Ancar kills his father in order to take the throne of Hardorn, tortures Queen's Own Talia (who was there as part of a diplomatic mission to see if a marriage could be set up between Ancar and Princess Elspeth) more for kicks than to get information out of her, and then has his mages mind-control the conscripted troops so that they'll fight. He then drains his land to further power his spells, and kills off even his distant cousins to prevent anyone from overthrowing him.
Hadanelith, a minor villain who appears in The White Gryphon, possesses the Gifts of Empathy and Mindhealing, but uses them to serve his own sadistic desires rather than to aid people. When first discovered, he is found to have been using his gifts to warp the minds of women until they live only to serve him in slavery, sexually and otherwise. He is exiled from the city of White Gryphon under the relatively loose laws and customs of their society.

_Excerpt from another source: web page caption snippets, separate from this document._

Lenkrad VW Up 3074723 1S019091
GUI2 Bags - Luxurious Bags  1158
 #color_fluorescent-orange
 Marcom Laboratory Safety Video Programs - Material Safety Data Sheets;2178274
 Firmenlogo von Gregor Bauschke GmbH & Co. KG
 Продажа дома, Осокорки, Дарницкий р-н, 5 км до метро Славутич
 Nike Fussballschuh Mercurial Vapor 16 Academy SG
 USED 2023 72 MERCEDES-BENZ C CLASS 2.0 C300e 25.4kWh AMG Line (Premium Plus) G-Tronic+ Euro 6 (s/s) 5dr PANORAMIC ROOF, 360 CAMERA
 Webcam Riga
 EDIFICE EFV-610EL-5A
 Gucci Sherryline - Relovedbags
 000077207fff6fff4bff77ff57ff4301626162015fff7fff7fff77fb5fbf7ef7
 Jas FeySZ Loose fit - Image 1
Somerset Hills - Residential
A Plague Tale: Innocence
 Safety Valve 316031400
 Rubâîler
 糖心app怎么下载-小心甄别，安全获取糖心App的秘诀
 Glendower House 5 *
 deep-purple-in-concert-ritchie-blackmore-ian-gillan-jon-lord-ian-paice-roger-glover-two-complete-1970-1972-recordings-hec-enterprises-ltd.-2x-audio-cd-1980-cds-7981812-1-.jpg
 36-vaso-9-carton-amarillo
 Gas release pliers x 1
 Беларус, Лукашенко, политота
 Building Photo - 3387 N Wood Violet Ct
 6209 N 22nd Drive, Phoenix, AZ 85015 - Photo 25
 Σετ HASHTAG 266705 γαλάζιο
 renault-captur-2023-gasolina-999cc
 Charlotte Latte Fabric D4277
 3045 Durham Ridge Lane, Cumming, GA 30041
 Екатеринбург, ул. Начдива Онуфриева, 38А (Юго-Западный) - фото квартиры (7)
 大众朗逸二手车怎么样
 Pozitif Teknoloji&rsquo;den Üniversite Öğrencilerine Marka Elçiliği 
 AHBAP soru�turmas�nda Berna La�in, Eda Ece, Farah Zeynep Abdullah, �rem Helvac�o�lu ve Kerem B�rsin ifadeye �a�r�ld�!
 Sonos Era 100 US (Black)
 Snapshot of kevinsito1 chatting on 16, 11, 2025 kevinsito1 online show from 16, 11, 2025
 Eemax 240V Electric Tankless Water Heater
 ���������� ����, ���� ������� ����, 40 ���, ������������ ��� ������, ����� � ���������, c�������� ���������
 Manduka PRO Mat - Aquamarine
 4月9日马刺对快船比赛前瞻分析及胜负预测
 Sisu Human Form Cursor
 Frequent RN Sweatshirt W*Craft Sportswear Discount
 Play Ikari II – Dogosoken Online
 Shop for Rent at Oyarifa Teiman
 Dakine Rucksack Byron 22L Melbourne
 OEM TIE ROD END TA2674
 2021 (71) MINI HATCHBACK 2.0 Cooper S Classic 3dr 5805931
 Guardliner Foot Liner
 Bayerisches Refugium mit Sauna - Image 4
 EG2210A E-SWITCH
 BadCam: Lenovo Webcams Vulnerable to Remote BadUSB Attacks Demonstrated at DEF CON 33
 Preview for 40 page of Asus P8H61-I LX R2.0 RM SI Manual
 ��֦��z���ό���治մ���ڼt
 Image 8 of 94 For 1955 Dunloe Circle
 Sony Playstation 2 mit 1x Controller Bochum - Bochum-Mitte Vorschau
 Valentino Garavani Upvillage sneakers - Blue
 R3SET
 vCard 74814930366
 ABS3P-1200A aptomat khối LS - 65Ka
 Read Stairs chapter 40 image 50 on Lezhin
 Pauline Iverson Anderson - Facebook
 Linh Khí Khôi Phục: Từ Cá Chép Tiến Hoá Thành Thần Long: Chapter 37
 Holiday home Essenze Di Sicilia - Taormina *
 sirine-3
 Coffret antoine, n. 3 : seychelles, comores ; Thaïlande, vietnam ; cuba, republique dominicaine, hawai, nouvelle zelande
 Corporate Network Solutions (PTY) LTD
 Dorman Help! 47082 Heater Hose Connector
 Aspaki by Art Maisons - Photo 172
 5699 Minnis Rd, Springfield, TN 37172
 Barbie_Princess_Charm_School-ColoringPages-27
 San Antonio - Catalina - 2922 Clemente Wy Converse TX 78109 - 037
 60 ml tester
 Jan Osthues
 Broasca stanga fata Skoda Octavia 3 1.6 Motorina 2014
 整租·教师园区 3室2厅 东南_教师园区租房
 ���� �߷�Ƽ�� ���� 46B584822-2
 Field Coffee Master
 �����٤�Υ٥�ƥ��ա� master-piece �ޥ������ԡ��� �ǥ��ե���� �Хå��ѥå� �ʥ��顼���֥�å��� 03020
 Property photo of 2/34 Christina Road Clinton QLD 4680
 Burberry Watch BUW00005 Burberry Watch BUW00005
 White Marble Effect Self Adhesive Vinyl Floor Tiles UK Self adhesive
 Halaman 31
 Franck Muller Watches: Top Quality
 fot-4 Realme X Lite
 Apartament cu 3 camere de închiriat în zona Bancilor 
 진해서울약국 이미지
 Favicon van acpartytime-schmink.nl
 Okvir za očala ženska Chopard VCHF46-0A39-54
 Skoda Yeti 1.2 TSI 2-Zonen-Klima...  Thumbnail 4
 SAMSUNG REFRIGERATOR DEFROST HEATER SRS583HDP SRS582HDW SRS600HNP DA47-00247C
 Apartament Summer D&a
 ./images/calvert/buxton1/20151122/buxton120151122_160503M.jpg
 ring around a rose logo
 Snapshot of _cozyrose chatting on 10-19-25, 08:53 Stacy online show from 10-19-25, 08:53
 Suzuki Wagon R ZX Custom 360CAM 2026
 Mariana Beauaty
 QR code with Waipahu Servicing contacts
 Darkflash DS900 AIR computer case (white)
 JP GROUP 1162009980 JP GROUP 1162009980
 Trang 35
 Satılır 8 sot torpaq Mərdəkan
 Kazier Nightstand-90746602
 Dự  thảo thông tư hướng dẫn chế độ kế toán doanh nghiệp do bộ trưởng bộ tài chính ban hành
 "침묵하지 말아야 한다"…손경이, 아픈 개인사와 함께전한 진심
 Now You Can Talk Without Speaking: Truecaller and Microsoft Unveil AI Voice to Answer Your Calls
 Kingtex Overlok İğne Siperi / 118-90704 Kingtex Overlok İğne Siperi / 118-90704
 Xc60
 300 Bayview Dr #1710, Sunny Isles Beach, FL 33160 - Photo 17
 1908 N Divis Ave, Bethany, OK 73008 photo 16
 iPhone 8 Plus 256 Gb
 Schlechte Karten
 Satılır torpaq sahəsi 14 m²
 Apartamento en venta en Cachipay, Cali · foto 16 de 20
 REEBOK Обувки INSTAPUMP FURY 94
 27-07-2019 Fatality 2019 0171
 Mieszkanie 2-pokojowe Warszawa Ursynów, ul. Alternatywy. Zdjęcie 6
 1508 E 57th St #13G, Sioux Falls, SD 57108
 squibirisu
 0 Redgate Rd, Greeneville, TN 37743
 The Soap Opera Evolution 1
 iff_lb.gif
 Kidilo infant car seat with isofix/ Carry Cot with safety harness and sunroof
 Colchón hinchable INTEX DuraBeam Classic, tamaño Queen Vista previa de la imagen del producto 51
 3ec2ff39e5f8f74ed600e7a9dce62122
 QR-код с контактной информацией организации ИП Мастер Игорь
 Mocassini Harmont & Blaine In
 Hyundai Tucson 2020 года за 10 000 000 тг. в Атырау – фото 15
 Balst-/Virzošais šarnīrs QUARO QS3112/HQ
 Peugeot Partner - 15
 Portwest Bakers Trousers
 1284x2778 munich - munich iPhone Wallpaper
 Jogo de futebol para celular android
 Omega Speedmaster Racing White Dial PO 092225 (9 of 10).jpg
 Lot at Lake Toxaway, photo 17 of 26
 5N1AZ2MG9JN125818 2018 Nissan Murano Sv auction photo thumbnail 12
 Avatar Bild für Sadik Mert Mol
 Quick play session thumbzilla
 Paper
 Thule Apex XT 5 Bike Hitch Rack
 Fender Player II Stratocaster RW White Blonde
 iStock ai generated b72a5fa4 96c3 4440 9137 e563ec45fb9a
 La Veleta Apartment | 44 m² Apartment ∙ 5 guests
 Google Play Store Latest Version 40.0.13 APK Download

Rather than die in the wilderness, he makes his way south to the Haighlei kingdoms and is recruited by the Evil Chancellor to assassinate high ranking members of their society in order to frame the delegation from White Gryphon. In doing so, he is permitted to indulge his sadistic fantasies and accordingly tortures his victims before killing them.
Why does Firesong become obsessed with a lifebond when the Mage Storms and their effect on the land are driving him insane? One of the other books reveal that lifebonds usually/often form when someone extremely powerful is in danger of going insane: the lifebond anchors them. As a Healing-Adept, it's probable that he subconsciously knew what was happening to him and what he needed - it's not made clear whether lifebonds are divine intervention, something the more powerful person does subconsciously, or both.
In By The Sword it's revealed that Valdemar has forgotten the Binding Ancient Treaty between it and Rethwellen. Sounds strange, and then one remembers that Selenay was a teenager when she became queen and her father died in the prime of his life. Even if her grandfather was part of how the treaty was formed, between her sudden ascension to the throne and all the other things that happened along the way, a treaty like that being forgotten is very justified!
Ho Yay: Both in-universe and among fans, naturally. In universe, certain areas are quite prejudiced against homosexuality and the suggestion of it must be avoided by those wishing to remain un-lynched.
It's clear that Firesong is deliberately trying to invoke this trope: one example is that he has a firebird because he bred/created it himself in order to show off. He also takes to the role of a showman very happily, and it's when his loved one starts to ignore him that he starts showing cracks. There are implications that he feels that he has to be special because he's descended from Vanyel and has to live up to that legacy & that his mother was very strict and demanding. It's need to be loved or for the mental stabilizing effect of a lifebond that nearly sends him over the Moral Event Horizon.
Talia, besides being (as noted below) The Woobie, is an arguable Sympathetic Sue: she's a misfit in her community, an abused child about to be forced at thirteen into an arranged marriage with a man old enough to be her grandfather; and when she runs away, she's rescued not only be a Companion, but by the Monarch's Own Herald's Companion.
Squick: Young Talia being forced to experience Companion Rolan's sexual encounters through their empathic bond.
Stop Helping Me!: Tarma's relationship with the aforementioned bard who follows her around.
What an Idiot: A tavern mistress explicitly hires Vanyel as the tavern bard because he's gay, and so he won't steal away her serving girls. Then she gets mad at him when he refuses to sleep with her on request.
The Woobie: A lot of the major characters, especially early on, start out this way. Vanyel and Talia are the most Anvilicious of the lot. (Vanyel never stops being one.)